◆ **DATA SHOWN**:
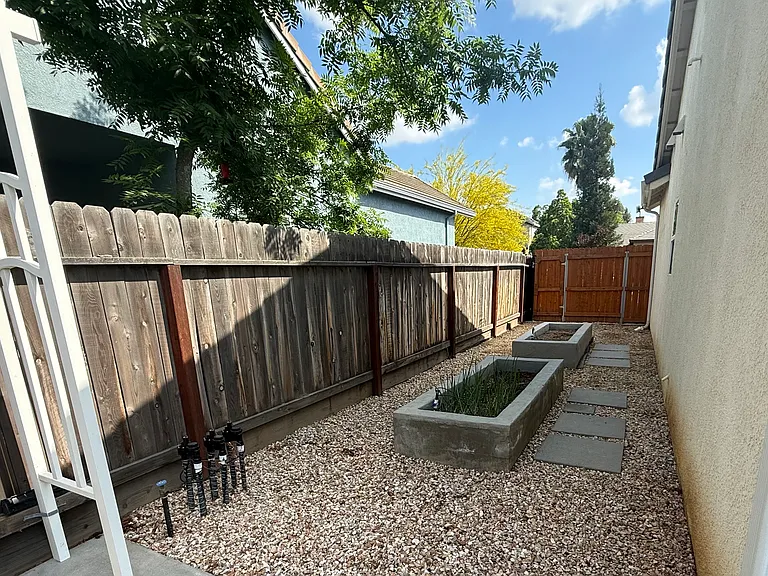 1126 E Pinehurst Ave — Photo 19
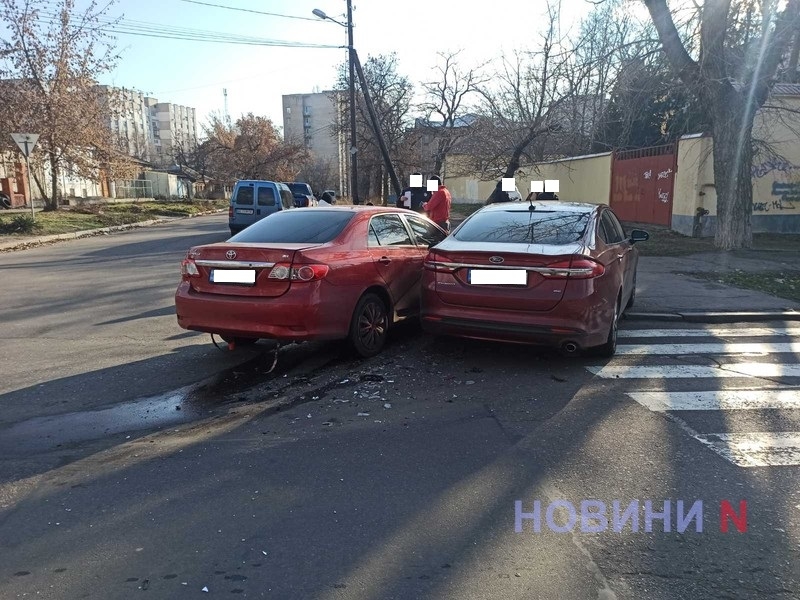 Ford и Toyota вылетели на тротуар после столкновения в центре Николаева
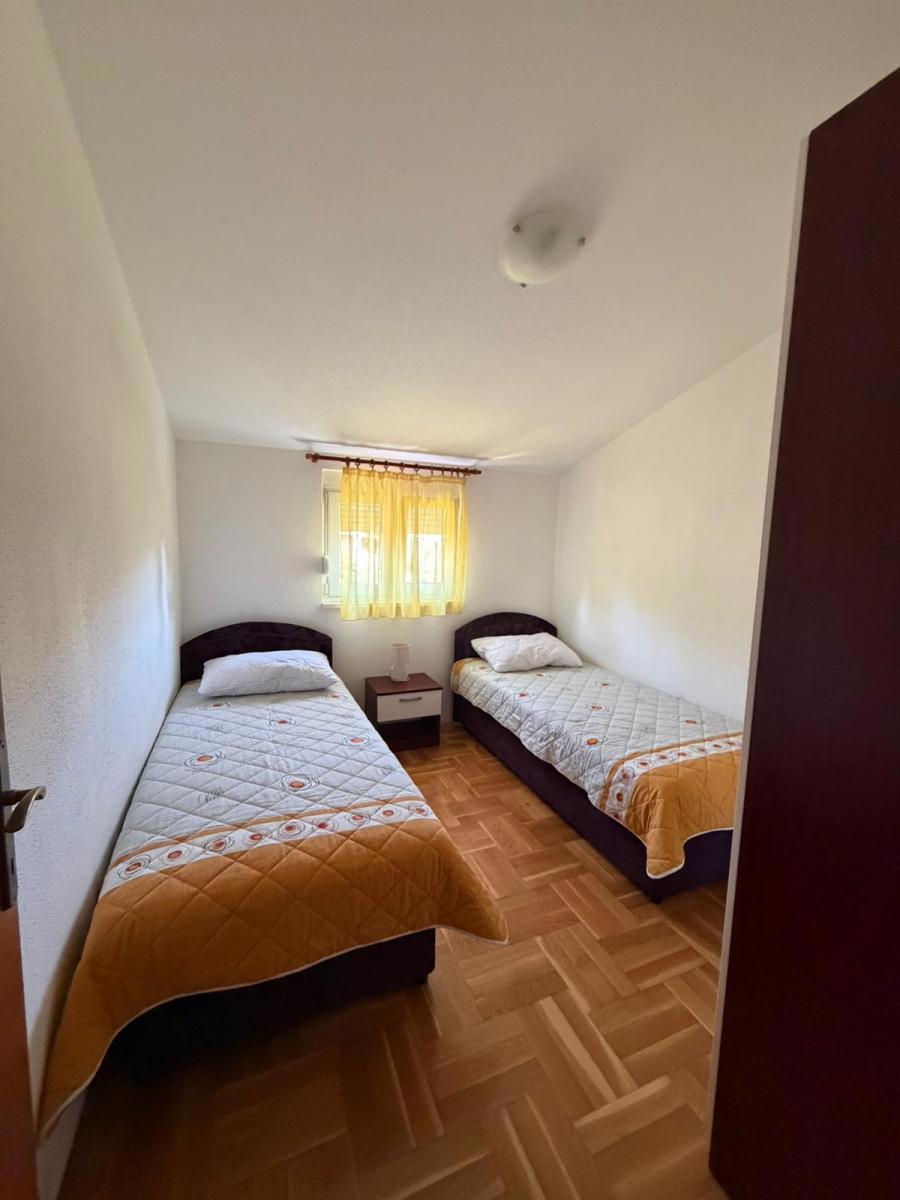 Stanovanje Okrug Gornji, Okrug, 72m2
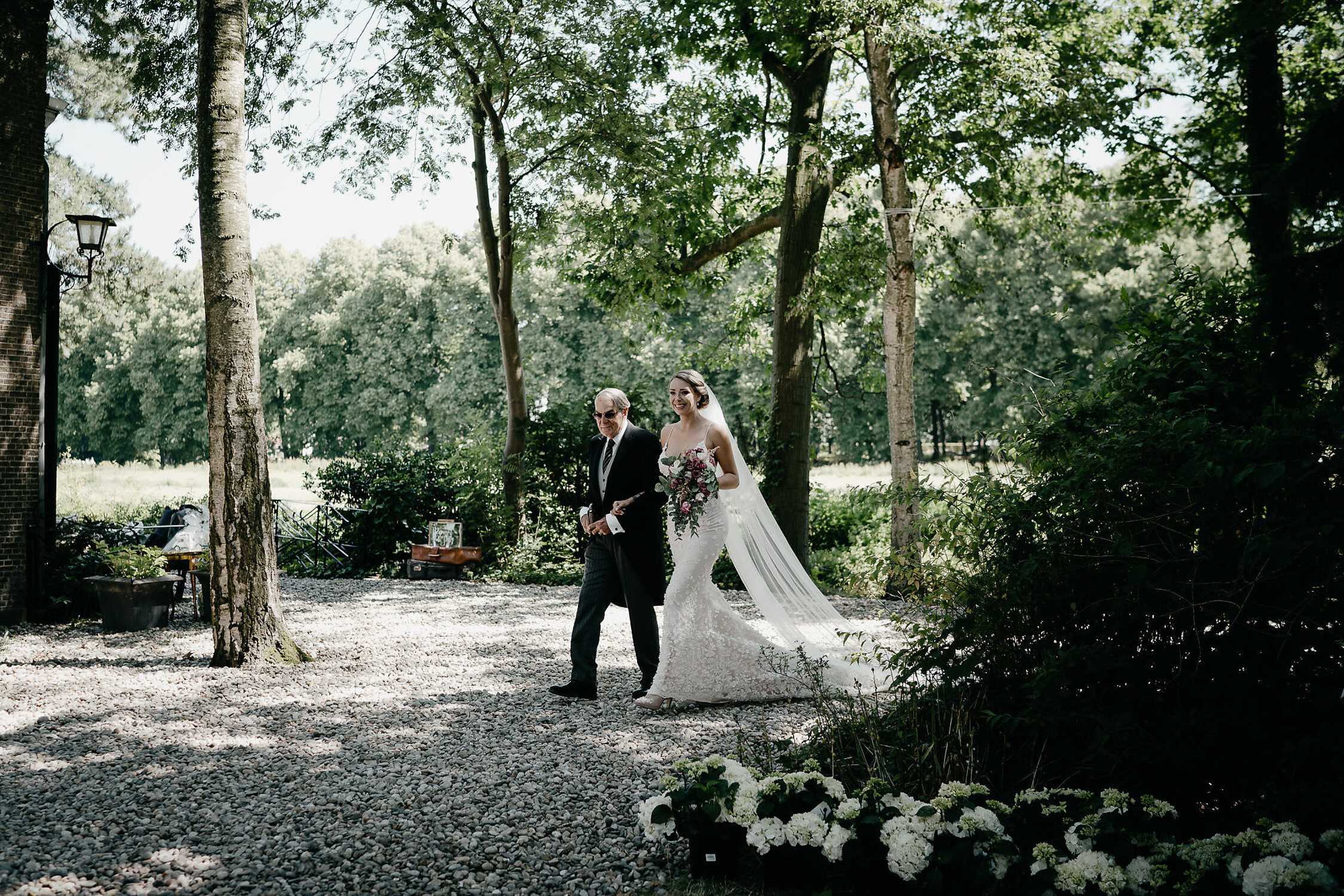 rotterdam trouwfotograaf fotot van bruid met vader bij de huwelijksceremonie
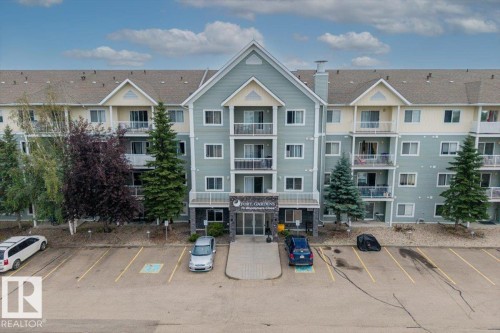#126 70 WOODSMERE  Fort Saskatchewan, AB T8L 4R8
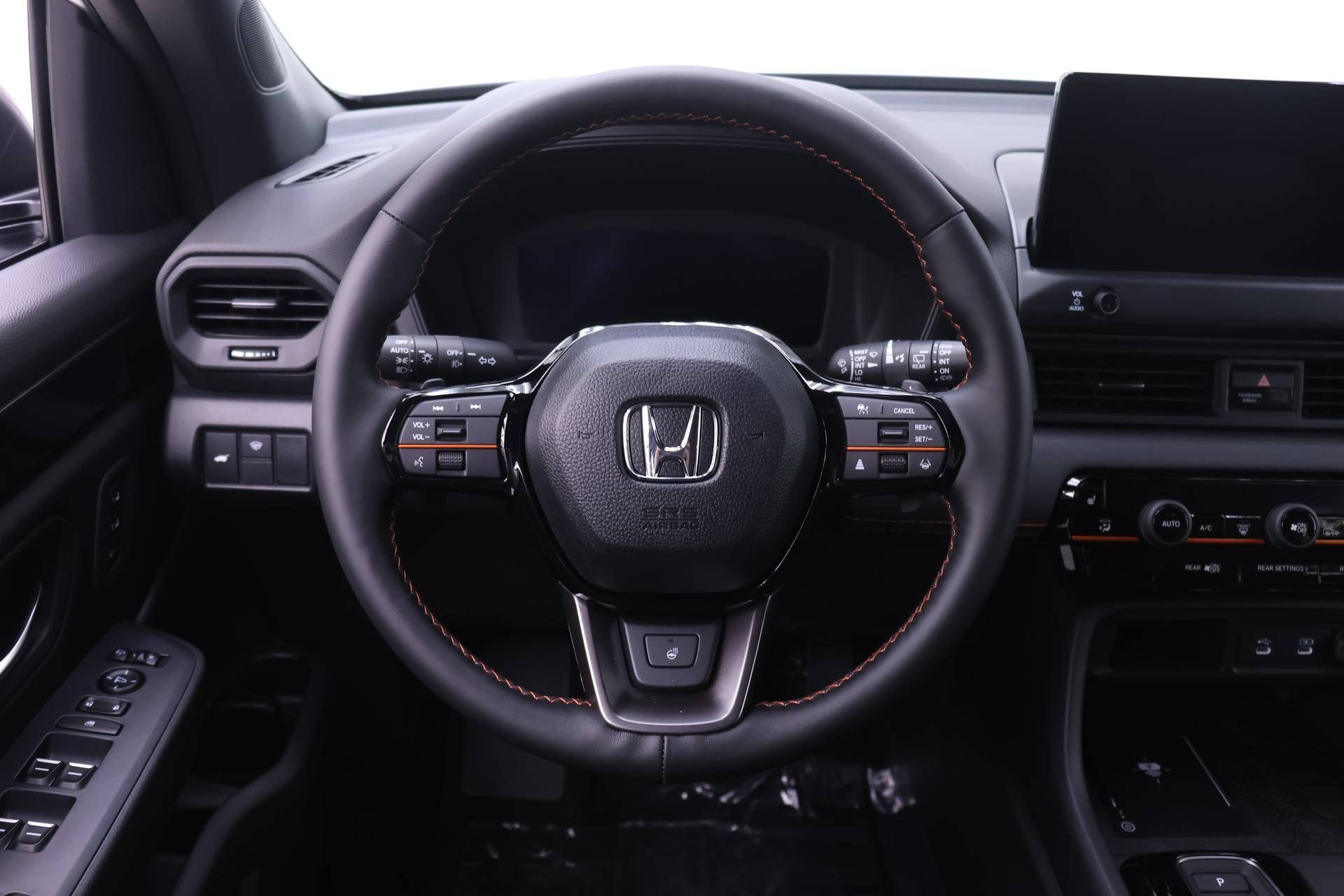 Used 2026 Honda Pilot TrailSport image 14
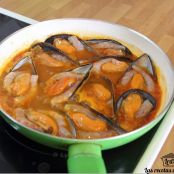 Mejillones en salsa de tomate y cebolla - Paso 4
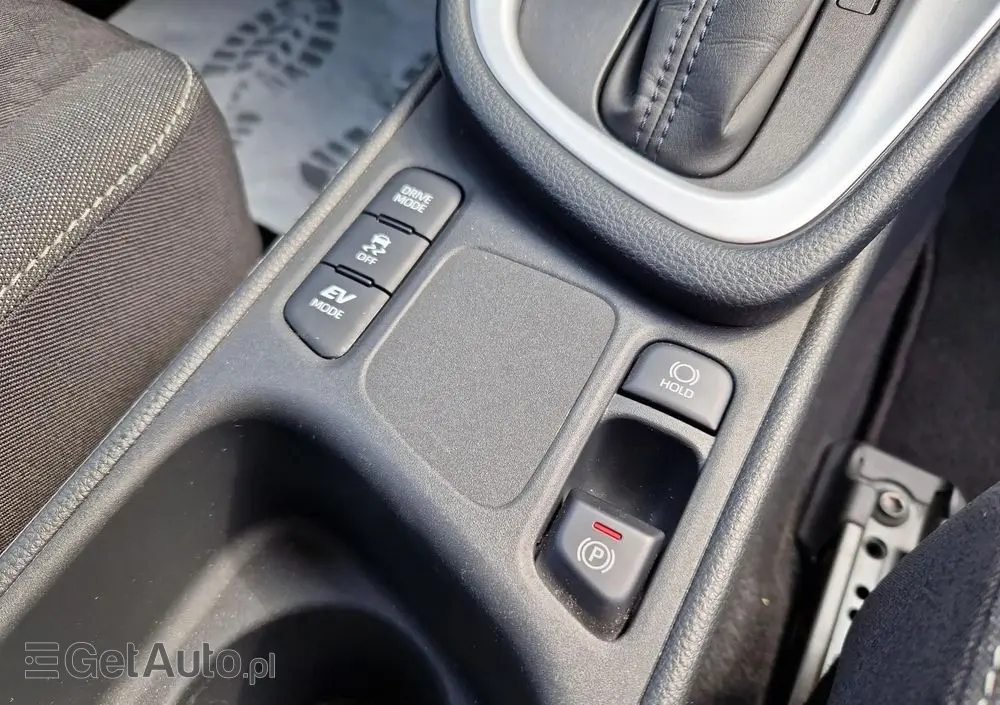 TOYOTA Yaris Hybrid 1.5 Comfort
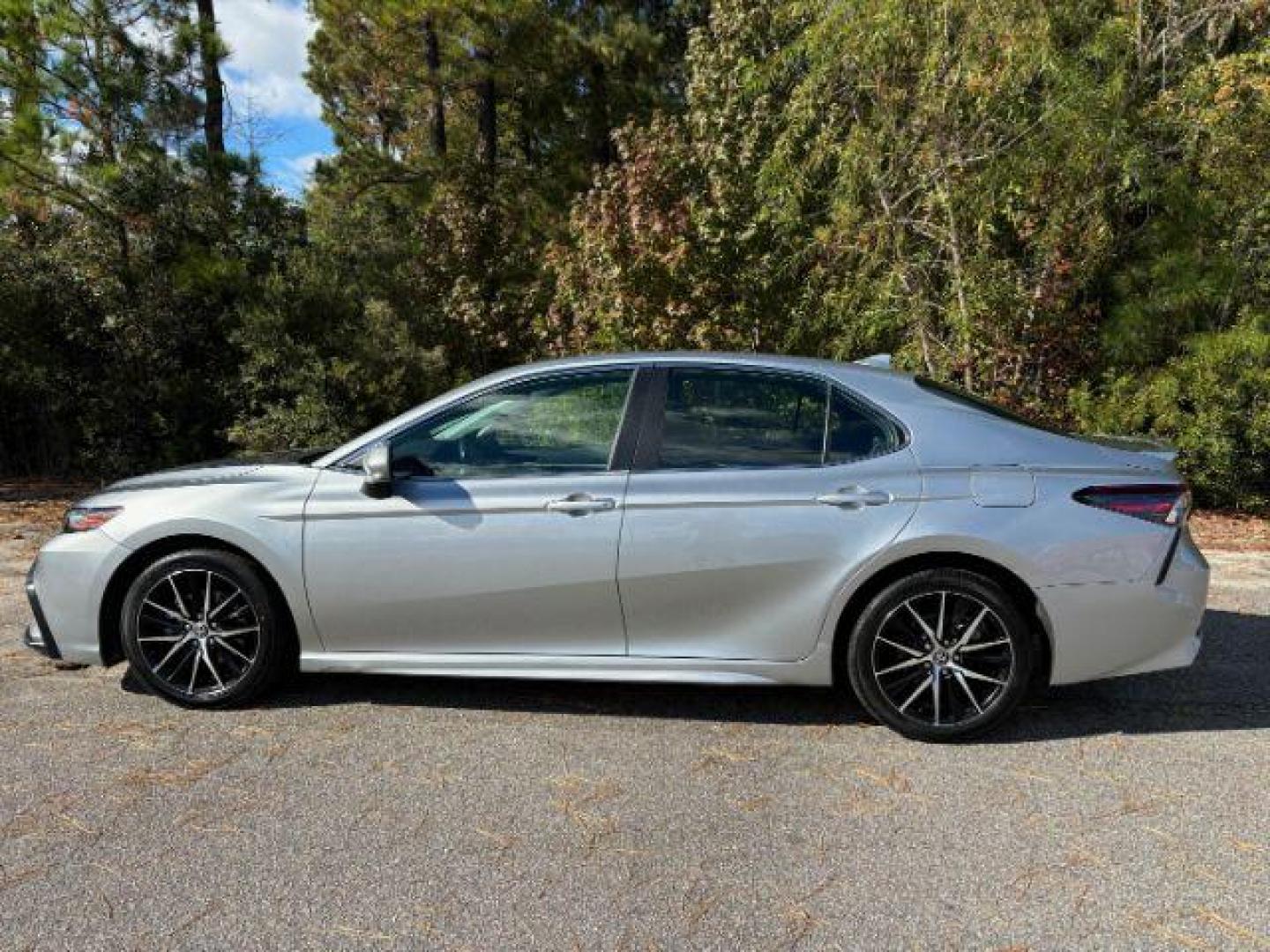 2022 /Black Toyota Camry SE (4T1G11AK4NU) with an 2.5L L4 DOHC 16V engine, 8-Speed Automatic transmission, located at 2761 East Hwy 501, Conway, SC, 29526, (843) 331-1151, 33.781528, -78.989883 - 2022 Toyota Camry SE - Photo#1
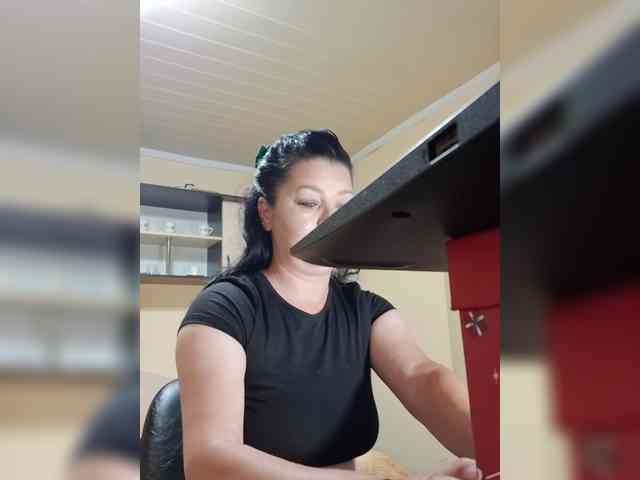 Alliahhot webcam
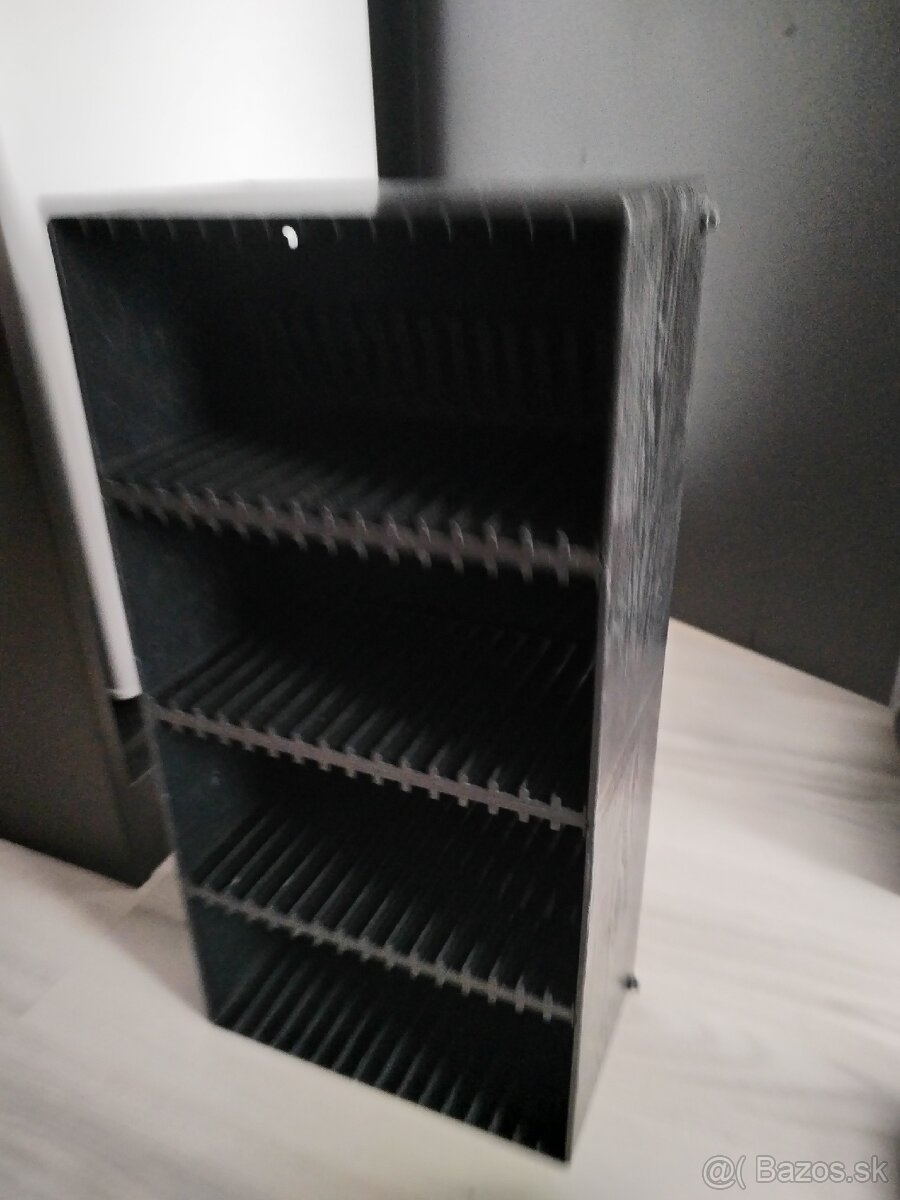 Odkladač na CD čierny - 2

◆ **EXERCISE DETAILS**: The pictures in the data should be omitted, and every remaining line set down exactly.

◆ **SOLUTION TO THE PROBLEM**:
 1126 E Pinehurst Ave — Photo 19
 Ford и Toyota вылетели на тротуар после столкновения в центре Николаева
 Stanovanje Okrug Gornji, Okrug, 72m2
 rotterdam trouwfotograaf fotot van bruid met vader bij de huwelijksceremonie
#126 70 WOODSMERE  Fort Saskatchewan, AB T8L 4R8
 Used 2026 Honda Pilot TrailSport image 14
 Mejillones en salsa de tomate y cebolla - Paso 4
 TOYOTA Yaris Hybrid 1.5 Comfort
 2022 /Black Toyota Camry SE (4T1G11AK4NU) with an 2.5L L4 DOHC 16V engine, 8-Speed Automatic transmission, located at 2761 East Hwy 501, Conway, SC, 29526, (843) 331-1151, 33.781528, -78.989883 - 2022 Toyota Camry SE - Photo#1
 Alliahhot webcam
 Odkladač na CD čierny - 2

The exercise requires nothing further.